- _RECORDS SUPPLIED_:
________________________________________

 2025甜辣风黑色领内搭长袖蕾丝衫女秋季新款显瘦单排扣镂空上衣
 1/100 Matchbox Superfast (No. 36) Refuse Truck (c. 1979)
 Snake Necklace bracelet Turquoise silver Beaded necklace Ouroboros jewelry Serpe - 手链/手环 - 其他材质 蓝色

________________________________________

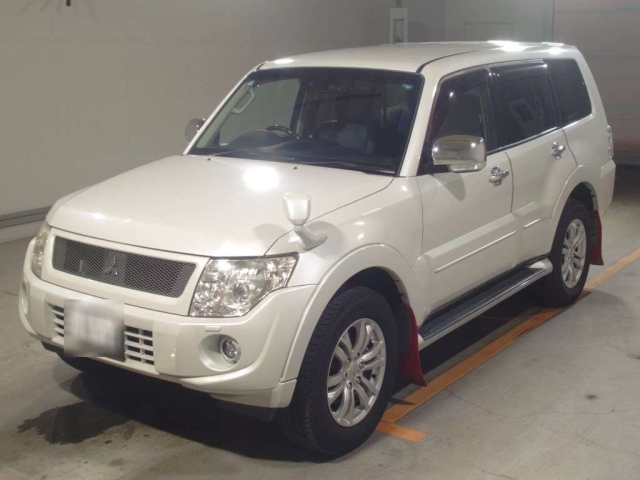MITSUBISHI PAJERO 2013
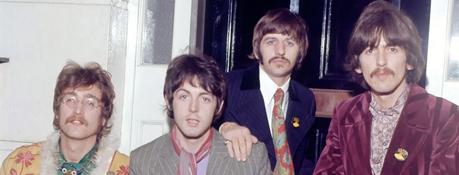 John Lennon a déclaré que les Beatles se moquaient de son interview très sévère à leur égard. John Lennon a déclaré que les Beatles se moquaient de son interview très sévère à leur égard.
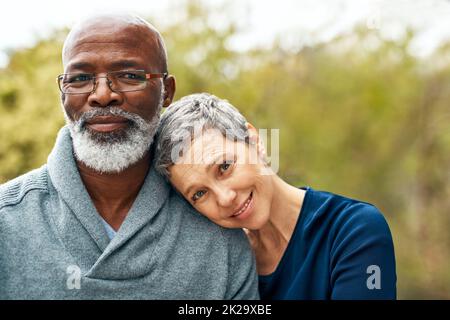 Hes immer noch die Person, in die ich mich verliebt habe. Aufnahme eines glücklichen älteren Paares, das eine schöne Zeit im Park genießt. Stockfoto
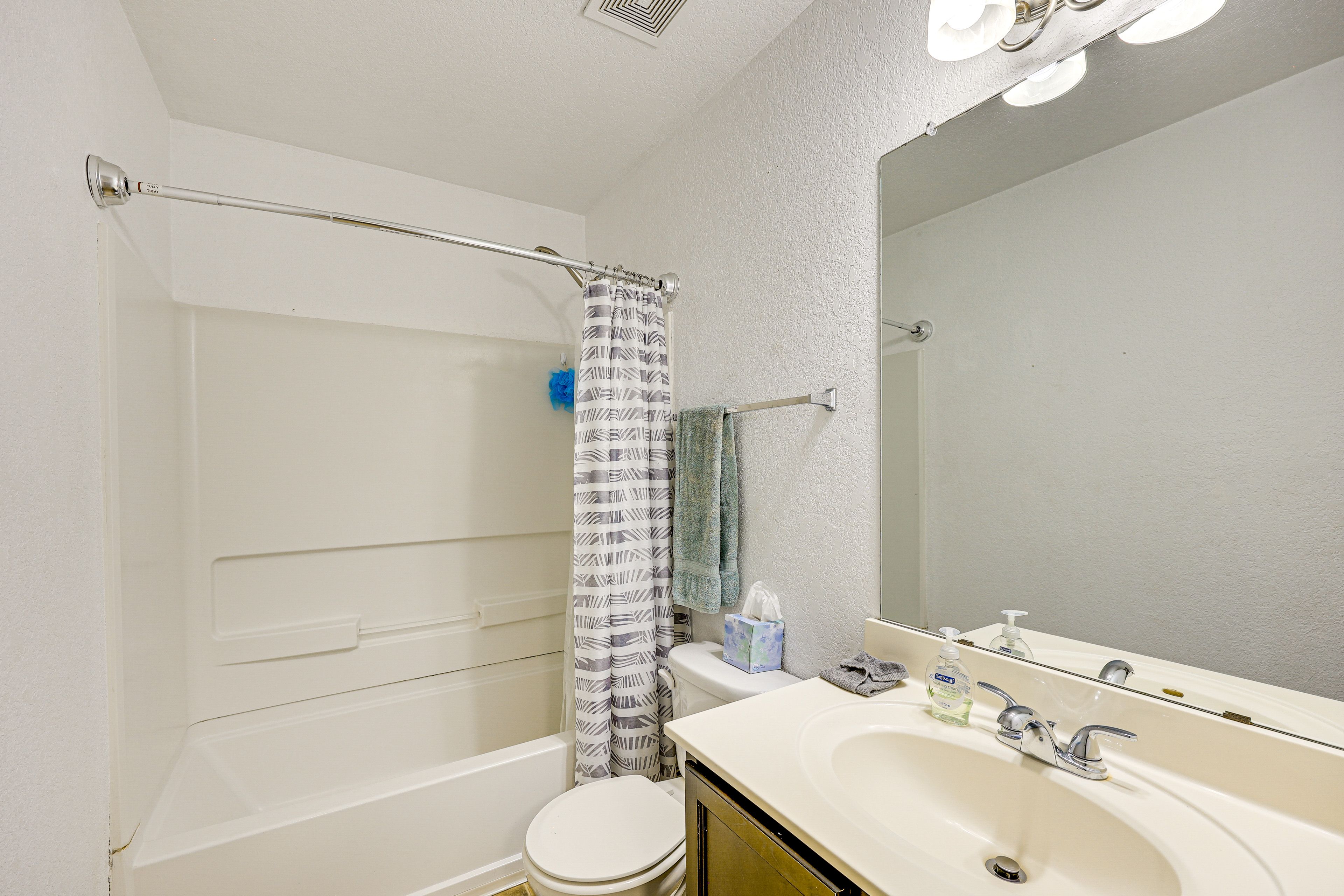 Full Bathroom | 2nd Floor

________________________________________

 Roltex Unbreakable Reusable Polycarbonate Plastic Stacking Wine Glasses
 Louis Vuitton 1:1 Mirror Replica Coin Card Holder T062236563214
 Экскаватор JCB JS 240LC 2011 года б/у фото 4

________________________________________

- _TASK OBJECTIVE_: Look back over the records above. Reproduce exactly everything from the line with "leur égard. John" down to the line with "Hes immer noch", inclusive, and leave the pictures out.

- _RESPONSE TO THE EXERCISE_:
 John Lennon a déclaré que les Beatles se moquaient de son interview très sévère à leur égard. John Lennon a déclaré que les Beatles se moquaient de son interview très sévère à leur égard.
 Hes immer noch die Person, in die ich mich verliebt habe. Aufnahme eines glücklichen älteren Paares, das eine schöne Zeit im Park genießt. Stockfoto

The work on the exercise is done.